First off. If you are looking for a seasoned Captain who really knows his shit, call Capt. Robert Hill on the Twilight out of Destin. All of us in this photo went to school with him from Pryor Middle through Choctaw (class of 90) and way back then his nick name was "fish" if that tells you anything. Robert and mate Billy took us out 4/27 for our annual "reunion" trip. We left Fisherman's Wharf in Destin at 0600 to catch bait, which was thick just outside Destin pass. Robert told us to get comfortable for a 2 1/2 cruise south so we settled in for the ride.
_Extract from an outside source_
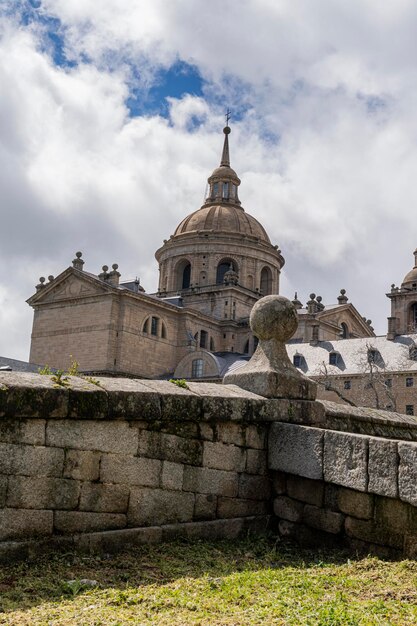 Foto la imponente cúpula del monasterio escorial de madrid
Arrived at the first spot to start the day off with some big AJ's...had our limit of 8 within 45 minutes after releasing several shorts. Moved a short distance and dropped the lines. Started catching scamp after scamp, red grouper, and triggers. Of course we caught a lot of BIG red snapper that had to be put back. As the size of the fish at one hole begn to get smaller, Capt. Robert moved to the next one and kept us in the quality fish. Gotta thank him for another great trip and we are looking forward to the next one-


----------



## pilotkal (May 31, 2012)

sounds like the bite was on!!! :thumbup:


----------



## shtbrd1 (Oct 2, 2007)

*killed 'em again pic*

Thanks Robert and Billy-


----------



## devndeb (Mar 16, 2008)

Now THAT is a MESS!!!!!!!


----------



## DAWGONIT (Jan 16, 2009)

+1 on that mess of fish.
Great eats & thanks for sharing report & pics.
catch 'em up.


----------



## JACKIN' JAWS (Mar 14, 2008)

ROCK ON! Nice trip.


----------